(Brief descriptive captions)
---+---

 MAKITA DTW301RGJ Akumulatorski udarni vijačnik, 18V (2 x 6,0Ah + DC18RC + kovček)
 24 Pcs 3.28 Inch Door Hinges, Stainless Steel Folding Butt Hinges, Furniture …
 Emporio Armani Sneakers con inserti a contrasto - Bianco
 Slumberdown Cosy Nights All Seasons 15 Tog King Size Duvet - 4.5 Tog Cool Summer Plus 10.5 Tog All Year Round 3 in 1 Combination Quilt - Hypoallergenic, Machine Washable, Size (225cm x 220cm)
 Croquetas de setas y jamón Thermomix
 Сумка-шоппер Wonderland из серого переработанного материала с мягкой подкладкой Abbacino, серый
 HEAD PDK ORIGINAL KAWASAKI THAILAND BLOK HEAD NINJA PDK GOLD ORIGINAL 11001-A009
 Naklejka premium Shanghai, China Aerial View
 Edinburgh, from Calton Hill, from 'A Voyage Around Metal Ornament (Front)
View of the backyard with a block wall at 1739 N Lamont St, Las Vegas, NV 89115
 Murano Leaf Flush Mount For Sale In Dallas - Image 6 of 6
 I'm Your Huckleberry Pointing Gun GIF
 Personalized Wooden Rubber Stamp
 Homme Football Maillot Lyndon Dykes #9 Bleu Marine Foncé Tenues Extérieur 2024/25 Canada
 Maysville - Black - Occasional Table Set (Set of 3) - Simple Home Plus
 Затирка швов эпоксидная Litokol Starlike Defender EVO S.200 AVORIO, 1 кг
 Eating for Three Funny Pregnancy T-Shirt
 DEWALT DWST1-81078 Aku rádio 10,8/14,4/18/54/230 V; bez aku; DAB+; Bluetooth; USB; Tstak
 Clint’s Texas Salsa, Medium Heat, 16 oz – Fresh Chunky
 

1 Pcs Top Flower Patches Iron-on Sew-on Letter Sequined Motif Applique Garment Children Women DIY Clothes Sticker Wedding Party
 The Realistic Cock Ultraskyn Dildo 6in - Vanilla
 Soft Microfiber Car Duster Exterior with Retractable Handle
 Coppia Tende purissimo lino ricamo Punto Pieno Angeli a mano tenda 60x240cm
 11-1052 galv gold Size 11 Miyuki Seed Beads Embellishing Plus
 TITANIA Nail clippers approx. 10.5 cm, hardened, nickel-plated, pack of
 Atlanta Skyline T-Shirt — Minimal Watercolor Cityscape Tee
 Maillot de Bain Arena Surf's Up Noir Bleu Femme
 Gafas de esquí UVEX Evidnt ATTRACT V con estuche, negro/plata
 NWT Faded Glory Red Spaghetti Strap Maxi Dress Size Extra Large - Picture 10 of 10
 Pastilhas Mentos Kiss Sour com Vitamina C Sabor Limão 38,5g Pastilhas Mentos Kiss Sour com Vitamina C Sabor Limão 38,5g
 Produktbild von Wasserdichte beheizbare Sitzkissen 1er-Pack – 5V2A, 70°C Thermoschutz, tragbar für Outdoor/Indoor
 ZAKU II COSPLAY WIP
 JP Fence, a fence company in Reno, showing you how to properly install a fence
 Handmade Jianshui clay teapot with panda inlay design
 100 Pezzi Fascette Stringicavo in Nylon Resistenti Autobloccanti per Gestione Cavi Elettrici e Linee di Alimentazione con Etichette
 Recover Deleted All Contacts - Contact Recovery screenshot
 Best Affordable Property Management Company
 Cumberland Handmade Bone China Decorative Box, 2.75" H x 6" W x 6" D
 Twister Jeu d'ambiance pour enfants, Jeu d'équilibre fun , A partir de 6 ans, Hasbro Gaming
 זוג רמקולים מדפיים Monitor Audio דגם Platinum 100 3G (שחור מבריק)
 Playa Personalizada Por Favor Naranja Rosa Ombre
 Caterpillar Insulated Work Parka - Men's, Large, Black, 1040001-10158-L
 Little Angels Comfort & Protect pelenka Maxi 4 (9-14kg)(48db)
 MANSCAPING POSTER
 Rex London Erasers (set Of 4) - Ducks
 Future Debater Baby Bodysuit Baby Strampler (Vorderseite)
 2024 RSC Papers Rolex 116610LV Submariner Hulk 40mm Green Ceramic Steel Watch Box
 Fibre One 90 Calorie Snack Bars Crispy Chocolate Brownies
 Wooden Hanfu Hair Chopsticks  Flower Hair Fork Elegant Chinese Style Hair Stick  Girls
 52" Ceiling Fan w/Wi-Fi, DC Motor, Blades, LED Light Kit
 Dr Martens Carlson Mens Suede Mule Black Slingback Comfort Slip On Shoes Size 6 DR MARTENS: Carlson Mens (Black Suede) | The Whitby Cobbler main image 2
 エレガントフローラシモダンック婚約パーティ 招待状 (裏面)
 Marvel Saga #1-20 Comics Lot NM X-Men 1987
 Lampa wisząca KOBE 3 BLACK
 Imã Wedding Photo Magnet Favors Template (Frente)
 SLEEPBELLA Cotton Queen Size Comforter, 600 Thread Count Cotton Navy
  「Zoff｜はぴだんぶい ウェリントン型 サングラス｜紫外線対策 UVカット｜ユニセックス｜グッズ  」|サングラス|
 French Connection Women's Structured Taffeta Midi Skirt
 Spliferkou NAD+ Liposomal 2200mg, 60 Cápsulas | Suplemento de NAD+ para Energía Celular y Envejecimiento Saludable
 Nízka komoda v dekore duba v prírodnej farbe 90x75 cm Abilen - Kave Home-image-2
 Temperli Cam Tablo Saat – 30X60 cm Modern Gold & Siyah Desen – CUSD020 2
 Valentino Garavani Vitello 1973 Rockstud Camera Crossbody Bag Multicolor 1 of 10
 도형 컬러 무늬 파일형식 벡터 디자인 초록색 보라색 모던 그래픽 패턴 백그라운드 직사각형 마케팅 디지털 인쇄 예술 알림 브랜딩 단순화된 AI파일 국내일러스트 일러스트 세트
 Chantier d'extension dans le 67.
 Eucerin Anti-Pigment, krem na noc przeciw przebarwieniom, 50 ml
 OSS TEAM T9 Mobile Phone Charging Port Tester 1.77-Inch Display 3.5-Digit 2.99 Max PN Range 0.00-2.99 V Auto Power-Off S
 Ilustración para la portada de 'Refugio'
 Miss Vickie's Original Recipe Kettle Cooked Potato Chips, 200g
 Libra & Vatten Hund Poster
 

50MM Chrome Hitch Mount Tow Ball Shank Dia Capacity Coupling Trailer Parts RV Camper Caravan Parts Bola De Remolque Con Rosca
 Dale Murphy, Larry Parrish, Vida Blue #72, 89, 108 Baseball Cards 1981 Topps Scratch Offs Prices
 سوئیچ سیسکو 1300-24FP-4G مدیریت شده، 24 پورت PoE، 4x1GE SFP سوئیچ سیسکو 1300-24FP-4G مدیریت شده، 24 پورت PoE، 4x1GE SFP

---+---

• [Problem] Every record shown above should be set down again exactly.

• [Task result]
 MAKITA DTW301RGJ Akumulatorski udarni vijačnik, 18V (2 x 6,0Ah + DC18RC + kovček)
 24 Pcs 3.28 Inch Door Hinges, Stainless Steel Folding Butt Hinges, Furniture …
 Emporio Armani Sneakers con inserti a contrasto - Bianco
 Slumberdown Cosy Nights All Seasons 15 Tog King Size Duvet - 4.5 Tog Cool Summer Plus 10.5 Tog All Year Round 3 in 1 Combination Quilt - Hypoallergenic, Machine Washable, Size (225cm x 220cm)
 Croquetas de setas y jamón Thermomix
 Сумка-шоппер Wonderland из серого переработанного материала с мягкой подкладкой Abbacino, серый
 HEAD PDK ORIGINAL KAWASAKI THAILAND BLOK HEAD NINJA PDK GOLD ORIGINAL 11001-A009
 Naklejka premium Shanghai, China Aerial View
 Edinburgh, from Calton Hill, from 'A Voyage Around Metal Ornament (Front)
View of the backyard with a block wall at 1739 N Lamont St, Las Vegas, NV 89115
 Murano Leaf Flush Mount For Sale In Dallas - Image 6 of 6
 I'm Your Huckleberry Pointing Gun GIF
 Personalized Wooden Rubber Stamp
 Homme Football Maillot Lyndon Dykes #9 Bleu Marine Foncé Tenues Extérieur 2024/25 Canada
 Maysville - Black - Occasional Table Set (Set of 3) - Simple Home Plus
 Затирка швов эпоксидная Litokol Starlike Defender EVO S.200 AVORIO, 1 кг
 Eating for Three Funny Pregnancy T-Shirt
 DEWALT DWST1-81078 Aku rádio 10,8/14,4/18/54/230 V; bez aku; DAB+; Bluetooth; USB; Tstak
 Clint’s Texas Salsa, Medium Heat, 16 oz – Fresh Chunky
 

1 Pcs Top Flower Patches Iron-on Sew-on Letter Sequined Motif Applique Garment Children Women DIY Clothes Sticker Wedding Party
 The Realistic Cock Ultraskyn Dildo 6in - Vanilla
 Soft Microfiber Car Duster Exterior with Retractable Handle
 Coppia Tende purissimo lino ricamo Punto Pieno Angeli a mano tenda 60x240cm
 11-1052 galv gold Size 11 Miyuki Seed Beads Embellishing Plus
 TITANIA Nail clippers approx. 10.5 cm, hardened, nickel-plated, pack of
 Atlanta Skyline T-Shirt — Minimal Watercolor Cityscape Tee
 Maillot de Bain Arena Surf's Up Noir Bleu Femme
 Gafas de esquí UVEX Evidnt ATTRACT V con estuche, negro/plata
 NWT Faded Glory Red Spaghetti Strap Maxi Dress Size Extra Large - Picture 10 of 10
 Pastilhas Mentos Kiss Sour com Vitamina C Sabor Limão 38,5g Pastilhas Mentos Kiss Sour com Vitamina C Sabor Limão 38,5g
 Produktbild von Wasserdichte beheizbare Sitzkissen 1er-Pack – 5V2A, 70°C Thermoschutz, tragbar für Outdoor/Indoor
 ZAKU II COSPLAY WIP
 JP Fence, a fence company in Reno, showing you how to properly install a fence
 Handmade Jianshui clay teapot with panda inlay design
 100 Pezzi Fascette Stringicavo in Nylon Resistenti Autobloccanti per Gestione Cavi Elettrici e Linee di Alimentazione con Etichette
 Recover Deleted All Contacts - Contact Recovery screenshot
 Best Affordable Property Management Company
 Cumberland Handmade Bone China Decorative Box, 2.75" H x 6" W x 6" D
 Twister Jeu d'ambiance pour enfants, Jeu d'équilibre fun , A partir de 6 ans, Hasbro Gaming
 זוג רמקולים מדפיים Monitor Audio דגם Platinum 100 3G (שחור מבריק)
 Playa Personalizada Por Favor Naranja Rosa Ombre
 Caterpillar Insulated Work Parka - Men's, Large, Black, 1040001-10158-L
 Little Angels Comfort & Protect pelenka Maxi 4 (9-14kg)(48db)
 MANSCAPING POSTER
 Rex London Erasers (set Of 4) - Ducks
 Future Debater Baby Bodysuit Baby Strampler (Vorderseite)
 2024 RSC Papers Rolex 116610LV Submariner Hulk 40mm Green Ceramic Steel Watch Box
 Fibre One 90 Calorie Snack Bars Crispy Chocolate Brownies
 Wooden Hanfu Hair Chopsticks  Flower Hair Fork Elegant Chinese Style Hair Stick  Girls
 52" Ceiling Fan w/Wi-Fi, DC Motor, Blades, LED Light Kit
 Dr Martens Carlson Mens Suede Mule Black Slingback Comfort Slip On Shoes Size 6 DR MARTENS: Carlson Mens (Black Suede) | The Whitby Cobbler main image 2
 エレガントフローラシモダンック婚約パーティ 招待状 (裏面)
 Marvel Saga #1-20 Comics Lot NM X-Men 1987
 Lampa wisząca KOBE 3 BLACK
 Imã Wedding Photo Magnet Favors Template (Frente)
 SLEEPBELLA Cotton Queen Size Comforter, 600 Thread Count Cotton Navy
  「Zoff｜はぴだんぶい ウェリントン型 サングラス｜紫外線対策 UVカット｜ユニセックス｜グッズ  」|サングラス|
 French Connection Women's Structured Taffeta Midi Skirt
 Spliferkou NAD+ Liposomal 2200mg, 60 Cápsulas | Suplemento de NAD+ para Energía Celular y Envejecimiento Saludable
 Nízka komoda v dekore duba v prírodnej farbe 90x75 cm Abilen - Kave Home-image-2
 Temperli Cam Tablo Saat – 30X60 cm Modern Gold & Siyah Desen – CUSD020 2
 Valentino Garavani Vitello 1973 Rockstud Camera Crossbody Bag Multicolor 1 of 10
 도형 컬러 무늬 파일형식 벡터 디자인 초록색 보라색 모던 그래픽 패턴 백그라운드 직사각형 마케팅 디지털 인쇄 예술 알림 브랜딩 단순화된 AI파일 국내일러스트 일러스트 세트
 Chantier d'extension dans le 67.
 Eucerin Anti-Pigment, krem na noc przeciw przebarwieniom, 50 ml
 OSS TEAM T9 Mobile Phone Charging Port Tester 1.77-Inch Display 3.5-Digit 2.99 Max PN Range 0.00-2.99 V Auto Power-Off S
 Ilustración para la portada de 'Refugio'
 Miss Vickie's Original Recipe Kettle Cooked Potato Chips, 200g
 Libra & Vatten Hund Poster
 

50MM Chrome Hitch Mount Tow Ball Shank Dia Capacity Coupling Trailer Parts RV Camper Caravan Parts Bola De Remolque Con Rosca
 Dale Murphy, Larry Parrish, Vida Blue #72, 89, 108 Baseball Cards 1981 Topps Scratch Offs Prices
 سوئیچ سیسکو 1300-24FP-4G مدیریت شده، 24 پورت PoE، 4x1GE SFP سوئیچ سیسکو 1300-24FP-4G مدیریت شده، 24 پورت PoE، 4x1GE SFP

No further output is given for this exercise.